Its last minute decision, made in a closed-door meeting last week, flies in the face of not only municipal staff's recommendations but also against support from the Mature Action Committee (MAC), which has long been lobbying for seniors housing in Whistler.

"I was surprised and disappointed, no question about it, because we have been working on this project for a long time," said MAC president Gord Leidal.

"We thought it was a great project."

The project, called The Woods, was slated for the heart of the new Rainbow subdivision.

Developer Rod Nadeau proposed a two-building project on Lots 10 and 11 that would mix both price-restricted and market seniors housing together.

The design was done in consultation with MAC members over the course of a year and a half.

The average price for a restricted unit in the apartment buildings was $370 per square foot.

"We rejected that pricing," said Chris Quinlan, speaking on behalf of council.

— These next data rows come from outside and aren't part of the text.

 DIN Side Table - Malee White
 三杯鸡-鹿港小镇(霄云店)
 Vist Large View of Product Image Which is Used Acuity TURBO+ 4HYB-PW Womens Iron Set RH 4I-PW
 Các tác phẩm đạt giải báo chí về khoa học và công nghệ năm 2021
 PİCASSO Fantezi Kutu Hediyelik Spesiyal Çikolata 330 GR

"That product wasn't something that will allow us to achieve our goal of the housing authority and that is that we want people to be able to transition through their entire time in Whistler inside of WHA (Whistler Housing Authority) inventory."

He explained that while some seniors may be able to sell market lots and buy a seniors' home at $370 per square foot, those moving through price- restricted WHA product would have difficulty buying in at a price that high.

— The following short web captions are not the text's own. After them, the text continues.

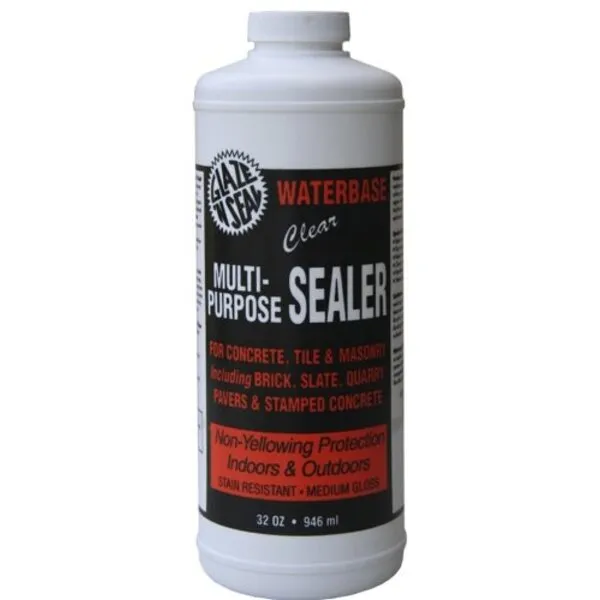 Glaze 'N Seal 132 Clear Multi-Purpose Sealer Quart, 32 oz. Plastic Bottle (Pack of 1)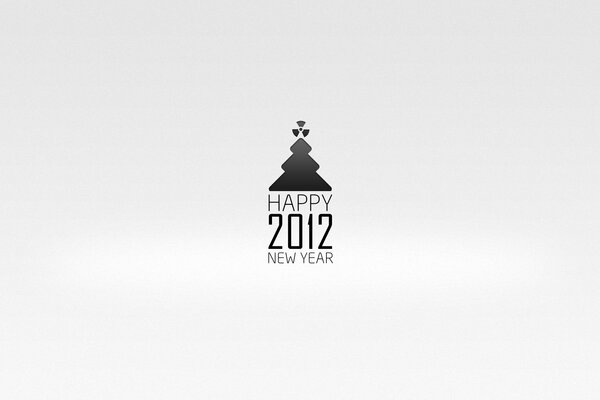 Празднование нового 2012 года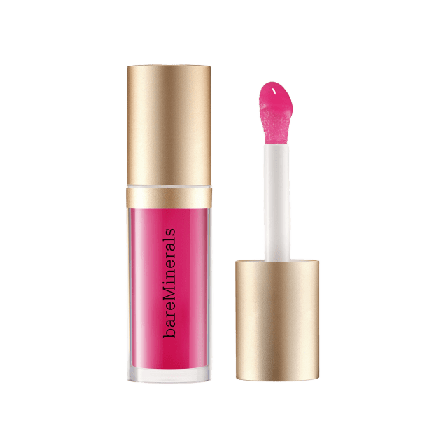 bareMinerals Tinted Lip Oil Läppglans Dam Rosa 4 ML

"I think the majority of the people on MAC that are willing to purchase at that level are able to cash out of the place that they've had for 20 or 30 years. And what we're really looking towards is the future," said Quinlan.

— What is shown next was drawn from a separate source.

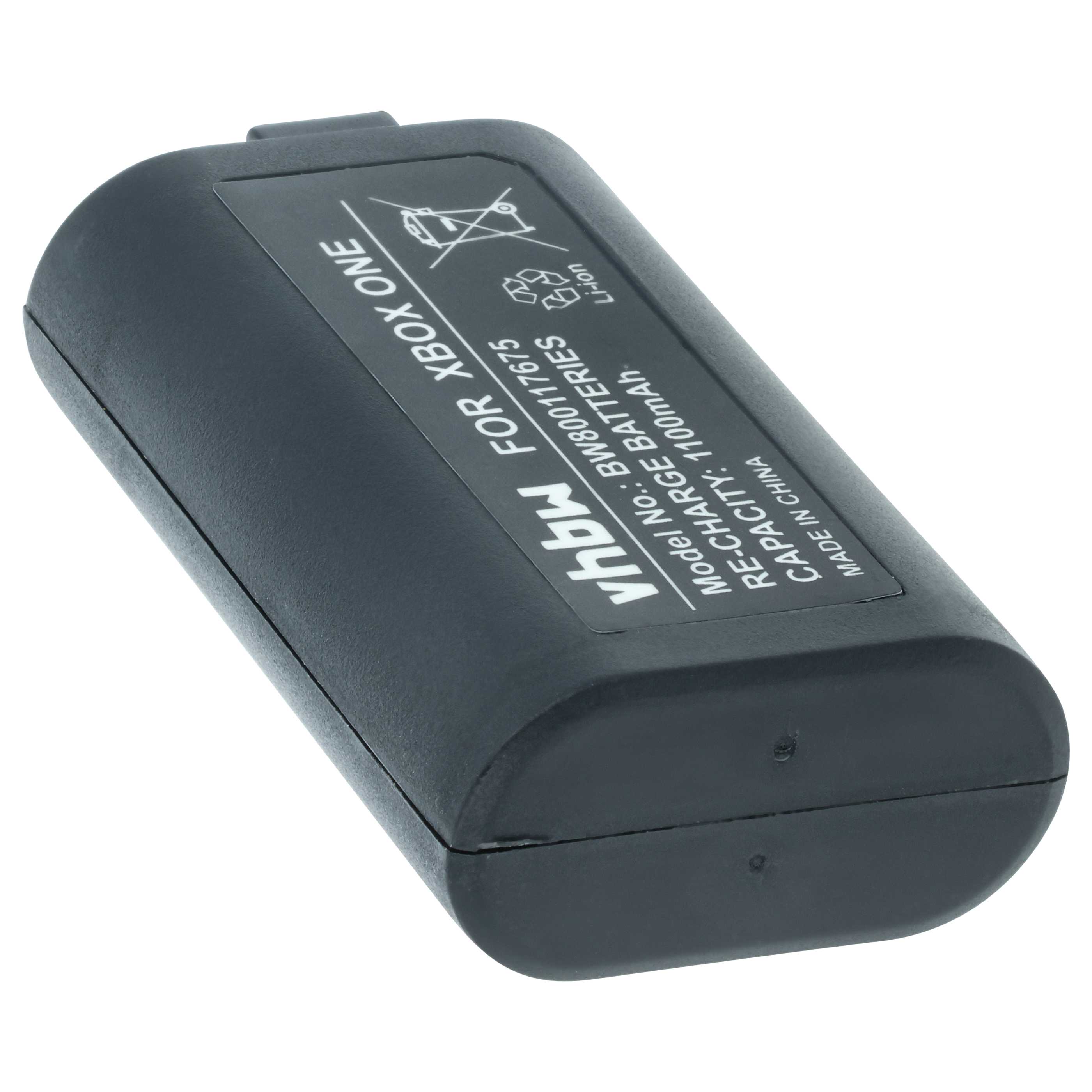 Gamer Joypad Battery replaces Microsoft 1556 - 1100 mAh 3 V Li-Ion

He pointed to the new WHA apartment building at the athletes' village (Cheakamus Crossing) that came in at roughly $260 per square foot. Like Rainbow's $370 per square foot price, that athletes' village price does not include the price of the serviced land.

But developer Rod Nadeau takes issue with that comparison, saying that the athletes' village wasn't just built on free serviced land but had other subsidies too. Specifically, there were contributions from Olympic organizers and the municipality totaling about $45 million. As well, more than $30 million from the sale of market lots and townhouses will subsidize the employee housing.

Rainbow, by comparison, was given residential zoning as part of its development approval to help subsidize the cost of developing the mainly employee housing subdivision.

"We're building for about the same price as the athletes' village was being built at we just didn't have a $100 square foot subsidy from VANOC (the Vancouver Organizing Committee for the 2010 Winter Games) and the municipality through the taxpayers," said Nadeau.

Joe Redmond, president of the Whistler Development Corp., which built the athletes' village, confirmed that the $260 per square foot price was the amount that the units were sold for and not the true value of the construction. And while the financial contributions largely paid to service the athletes' village site, the market housing will subsidize the cost of the employee housing, allowing the municipality to sell the development at the $250 per square foot cost.

"Council is talking about what the building should sell for; Rainbow is talking about what it costs to build," explained Redmond.

Rainbow's design also includes concrete underground parking, which adds significantly to the cost of construction. That component was included after consultation with MAC members.

"Underground parking is an absolute must for most seniors," said Leidal.

As per the Rainbow agreement, the municipality had the right to purchase Lot 10 of the seniors housing component for $10, which it exercised last week.

It remains to be seen how much the municipality can build a price-restricted seniors complex for on Lot 10. It is now exploring its options through the WHA.

Two years ago Redmond built a four-storey basic apartment building at the athletes' village for $260 per square foot. That did not include underground parking.

"That's going to be the minimum price that they're going to build that building for without underground parking," he said.

Nadeau said he was surprised by council's decision, not only because it came after he already had the development permit for the project but also because he followed the criteria set out in the housing agreement with the municipality. That agreement outlined the hard and soft costs of the project plus a 7.5 per cent overhead.

That's exactly what he said he did.

"They changed the game at the 11 th hour," said the Rainbow developer.

"And they allowed us to continue down this road for a year and a half."

He estimates he has spent a couple of hundred thousand dollars on designing and developing the project thus far.

Nadeau now intends to move ahead with a 22-unit seniors market development on Lot 11. That development, to be built by Nadeau's Innovation Building Group, will be offered to Whistler seniors first. After 90 days it will be offered to the open market.

Prices start at $269,900 for a 600 square foot unit and go to $835,000 for a 1,600 plus square foot unit.

Occupancy is planned for the fall/winter 2011/2012.

"I know that members of council have the very best of intentions, as they hope to find alternative ways to deliver some less expensive housing on Lot 10," said Leidal. "I wish them success, and we at MAC look forward to being part of that process. In the meantime I understand that the Innovation Building Group is prepared to proceed with the remainder of the development on Lot 11, and it is my hope that this project will also reach a successful conclusion."